Welcome back to the show. In today’s installment of The Daily Reckoning, we look at whether markets are poised on the verge of a large crash. A spirited debate in our Melbourne headquarters last week clarified the positions of some of our analysts. But what took everyone’s breath away was the price action in Japan.
You know a system is unstable when it becomes increasingly volatile. In that sense, stock indices are like drunken supporters at the footy. One second they’re out of their seats whooping with beer spilling joy. A few moments later, they’re cursing a blue streak that would strip the chrome off a bumper.
Take the chart below. Japan’s Nikkei fell 12.2% in intra-day trading last week, from a Thursday high of 15927 to a Friday low of 13981. A 2000 point swing is remarkable. On Friday alone the intra-day swing was over 1000 points. Is that the kind of move that suggests that the market has cracked and Japan’s QE rally is over? Has the monetary doping cycle ended in a bust?

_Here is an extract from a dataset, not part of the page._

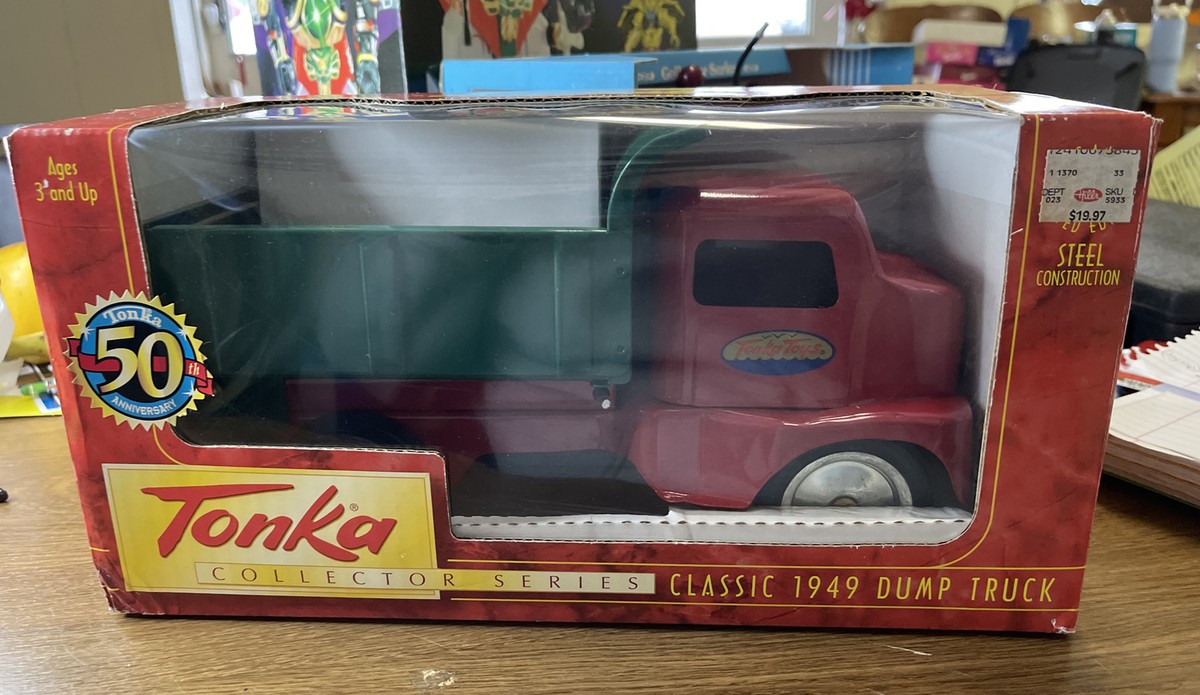 Tonka Collector Series Classic 1949 Dump Truck/Tonka 50th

Well, your editor will admit to being remarkably complacent about Japan’s mini-crash. The Nikkei is still up over 60% in the last twelve months. Most of that move has come since November. Last week’s move — coming after bearish data on Chinese manufacturing — could simply have been traders taking profits, especially traders who were leveraging the move in Japanese stocks with cheap Yen.

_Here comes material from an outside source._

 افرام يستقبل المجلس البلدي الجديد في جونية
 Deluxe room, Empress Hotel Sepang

This was Murray’s view, that a rising Yen would force speculators to sell positions and cause an even bigger move. Murray reckons the technical set-up is perfect for a correspondingly big move down in Aussie stocks, as well as the S&P, the FTSE, and the German Dax. He’s advised a short position on the index, with specific target levels.
But surprisingly, the Slipstream Trader was the only one sounding the alarm. He’s out with the flu this morning. He’d be pleased, though, that the Nikkei has opened down another 3.5%. It could be a grim day. (US markets are closed Monday for Memorial Day).